這也會導致python包路徑獲取不完整,因為通過dists=importlib.metadata.distributions()獲取的包名(例如 pycryptodome )和實際的模塊名(例如 Crypto )不一樣,在package_dir=importlib.resources.files(package_name)這一步是靠先import來找文件的,所以會直接報錯。
該問題可以使用importlib_metadata.packages_distributions來解決,這個API返回的是每個分發包的包名和可import模塊的映射
當前發現的問題
依賴缺失
這種情況不一定是問題,因為部分模塊只是被弱依賴,也就是沒有他們也能正常運行。
可選模塊
In package urllib3, file /usr/lib/python3.11/site-packages/urllib3/response.py imports brotli which is not in dependencies.
try:
try:
import brotlicffi as brotli
except ImportError:
import brotli
except ImportError:
brotli=None
還有比如測試代碼,也會有一些依賴缺失,這些優先級不高
In package zake, file /usr/lib/python3.11/site-packages/zake/test.py imports testtools which is not in dependencies.
上游開發問題
還有就是真的是上游沒有寫好依賴,比如urllib3這個包。
In package urllib3, file /usr/lib/python3.11/site-packages/urllib3/contrib/appengine.py imports google which is not in dependencies.
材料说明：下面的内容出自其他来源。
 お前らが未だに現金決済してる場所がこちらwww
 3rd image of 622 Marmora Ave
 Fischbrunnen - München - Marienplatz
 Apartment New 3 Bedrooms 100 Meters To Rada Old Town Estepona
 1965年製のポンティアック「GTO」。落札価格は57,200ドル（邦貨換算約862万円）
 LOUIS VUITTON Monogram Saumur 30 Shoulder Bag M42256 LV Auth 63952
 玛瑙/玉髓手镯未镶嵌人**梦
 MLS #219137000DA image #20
In package urllib3, file /usr/lib/python3.11/site-packages/urllib3/contrib/socks.py imports socks which is not in dependencies.
In package urllib3, file /usr/lib/python3.11/site-packages/urllib3/contrib/pyopenssl.py imports OpenSSL which is not in dependencies.
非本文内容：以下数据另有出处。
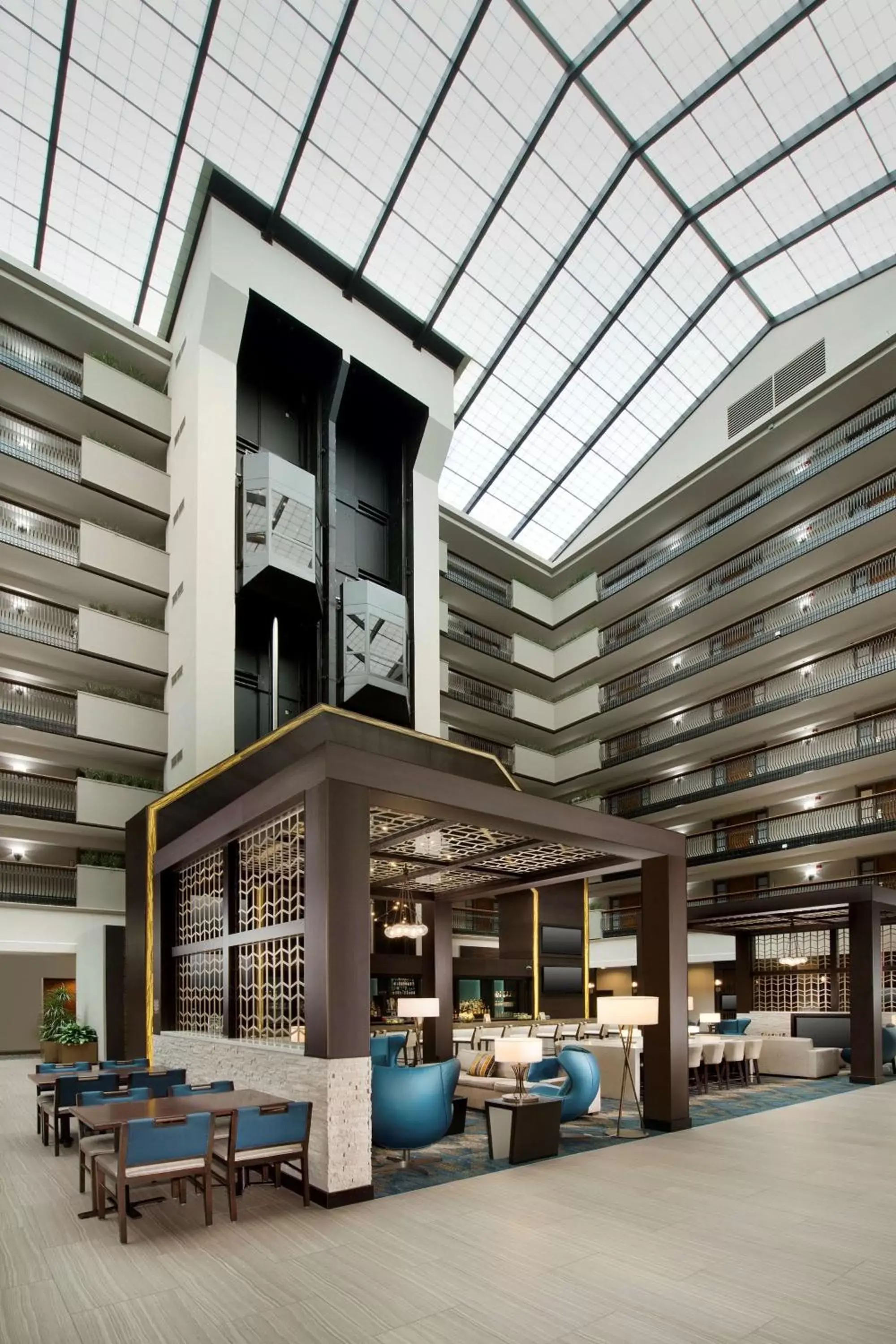 Lobby or reception in Embassy Suites by Hilton Columbus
In package urllib3, file /usr/lib/python3.11/site-packages/urllib3/contrib/pyopenssl.py imports idna which is not in dependencies.
In package urllib3, file /usr/lib/python3.11/site-packages/urllib3/contrib/pyopenssl.py imports cryptography which is not in dependencies.
In package urllib3, file /usr/lib/python3.11/site-packages/urllib3/contrib/ntlmpool.py imports ntlm which is not in dependencies.
再比如tox缺失了部份依賴
tox==4.10.0
├── cachetools [required: Any, installed: 5.3.1]
├── chardet [required: >=5.2, installed: 5.2.0]
├── colorama [required: >=0.4.6, installed: 0.4.6]
├── filelock [required: Any, installed: 3.12.4]
├── packaging [required: Any, installed: 23.1]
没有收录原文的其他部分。